Unnamed: 0,Math SL AA,Math SL AI,Math HL
Biology,25,46,15
Chemistry,15,44,15
Physics,10,10,20


If $\chi_{calc}^2 > \chi_{critical}^2$ we reject the null hypothesis.

In [76]:
chi, pval, dof, exp = chi2_contingency(subjects)

significance = 0.05
p = 1 - significance
critical_value = chi2.ppf(p, dof)

print('chi=%.6f, critical value=%.6f\n' % (chi, critical_value))

if chi > critical_value:
	print("""At %.2f level of significance, we reject the null hypotheses and accept H1. 
They are not independent.""" % (significance))
else:
	print("""At %.2f level of significance, we accept the null hypotheses. 
They are independent.""" % (significance))
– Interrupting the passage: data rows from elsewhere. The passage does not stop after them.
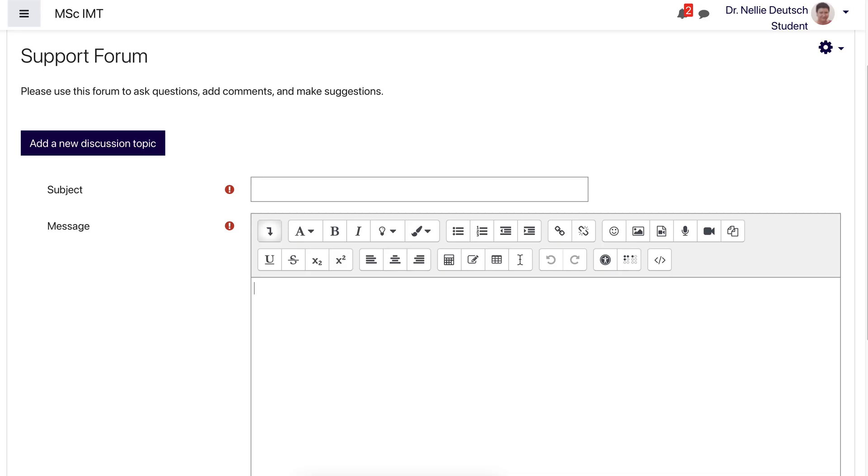Hi there and welcome. This is a Moodle forum, a discussion forum. I want to show you how you can add and upload different files.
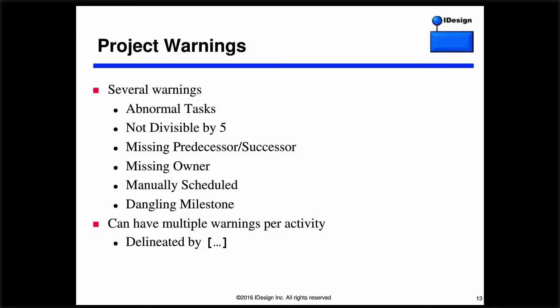You can also add a warning or messaging column. You can get an abnormal task warning, a warning if the activity is not divisible by five — the iDesign guideline is clear, all activities are divisible by five, no project in the history of mankind has started on a Thursday. PDX will also warn you about a missing predecessor or successor, no owner, manually scheduled activities, and dangling milestones. A single activity may have multiple offenses delineated by a square bracket.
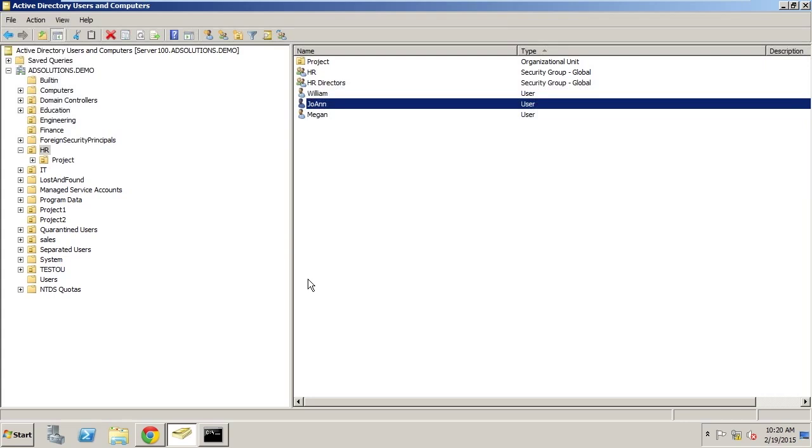In this video, I want to talk to you a little bit about the granular control and power that Recovery Manager Plus provides with regard to changes and deletions of objects in Active Directory.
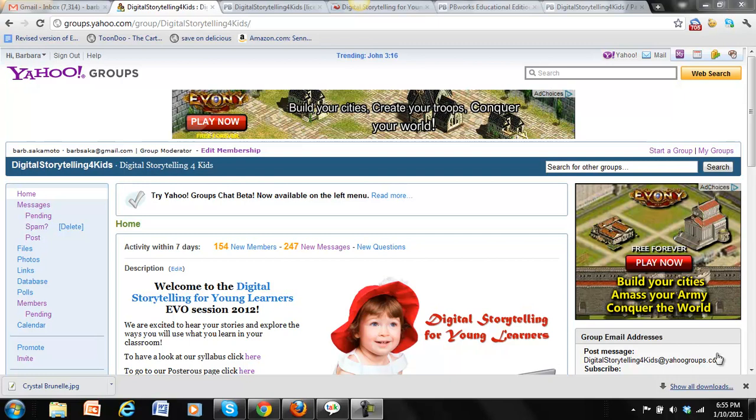First, you have to go to the website, the group online. So it's groups.yahoo.com and then our digital storytelling for kids.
chi=20.392835, critical value=9.487729

At 0.05 level of significance, we reject the null hypotheses and accept H1. 
They are not independent.


Alternatively we can compare p-value and the level of siginificance.
If `p-value < the level of significance`, we reject the null hypotheses.

In [74]:
chi, pval, dof, exp = chi2_contingency(subjects)
significance = 0.05

print('p-value=%.6f, significance=%.2f\n' % (pval, significance))

if pval < significance:
	print("""At %.2f level of significance, we reject the null hypotheses and accept H1. 
They are not independent.""" % (significance))
else:
	print("""At %.2f level of significance, we accept the null hypotheses. 
They are independent.""" % (significance))

p-value=0.000418, significance=0.05

At 0.05 level of significance, we reject the null hypotheses and accept H1. 
They are not independent.


# Conclusion

Once you know how to extract data from the CSV file, it is reasonably easy to find Chi-square, p-value, degree of freedom and critical value.